RECORD SET >>
-*-*-
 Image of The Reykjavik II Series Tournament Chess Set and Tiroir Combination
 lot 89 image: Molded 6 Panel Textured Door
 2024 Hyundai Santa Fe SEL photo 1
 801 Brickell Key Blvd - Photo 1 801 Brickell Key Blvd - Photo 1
-*-*-
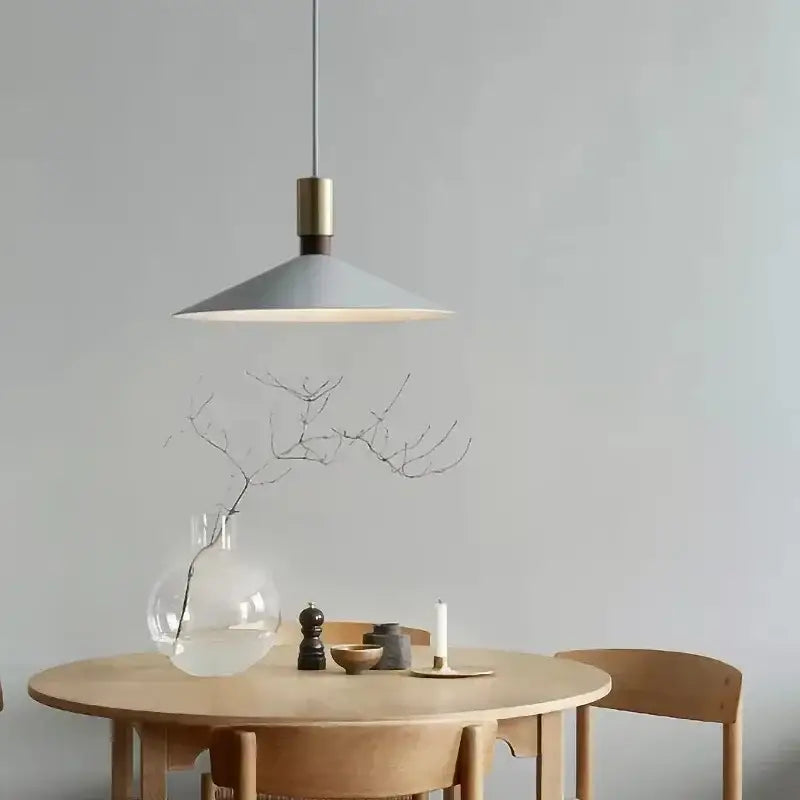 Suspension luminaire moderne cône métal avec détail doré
-*-*-
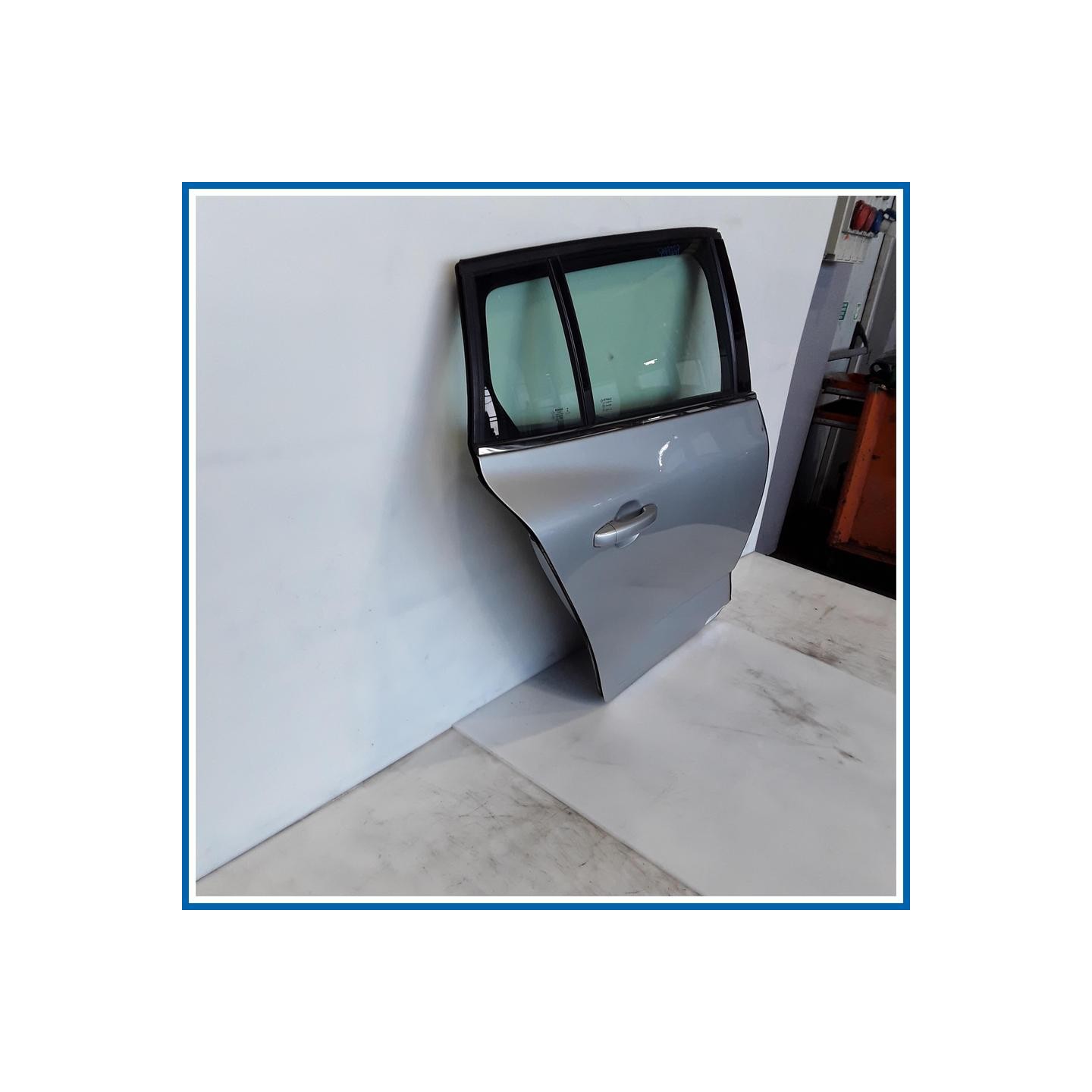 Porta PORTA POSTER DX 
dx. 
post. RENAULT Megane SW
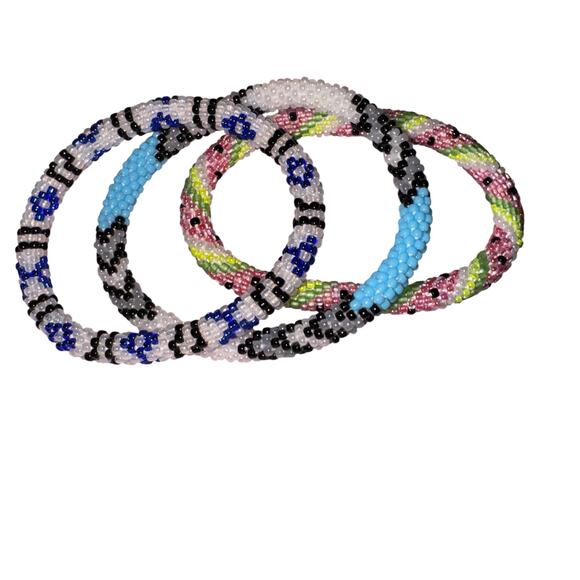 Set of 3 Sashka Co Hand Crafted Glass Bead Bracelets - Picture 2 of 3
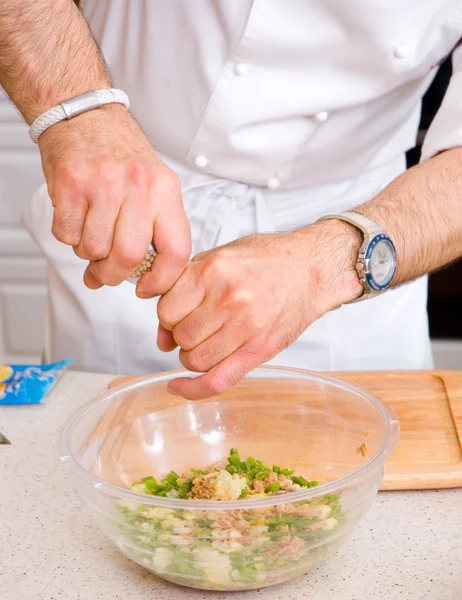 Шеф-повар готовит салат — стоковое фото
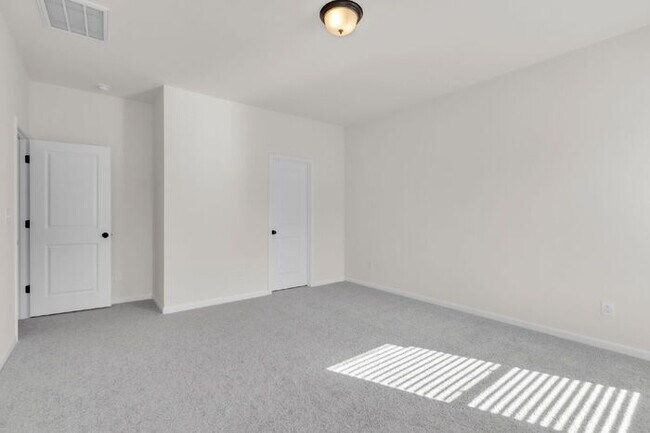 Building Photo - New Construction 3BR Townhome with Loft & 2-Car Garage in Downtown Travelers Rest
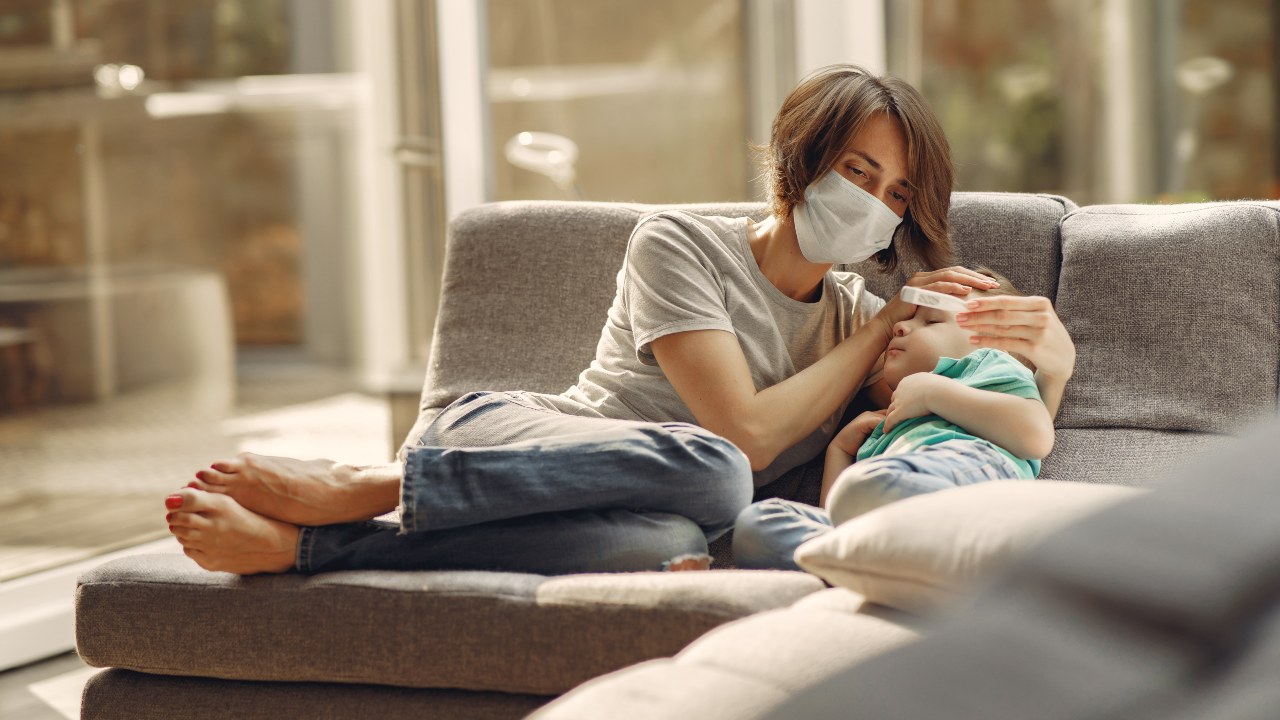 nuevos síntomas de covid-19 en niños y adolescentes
-*-*-
ABOUT THIS EXERCISE >> Retype exactly the lines above, from the one with "Image of The" through the one with "801 Brickell Key Blvd - Photo 1 801", inclusive.

ANSWER SECTION >>
 Image of The Reykjavik II Series Tournament Chess Set and Tiroir Combination
 lot 89 image: Molded 6 Panel Textured Door
 2024 Hyundai Santa Fe SEL photo 1
 801 Brickell Key Blvd - Photo 1 801 Brickell Key Blvd - Photo 1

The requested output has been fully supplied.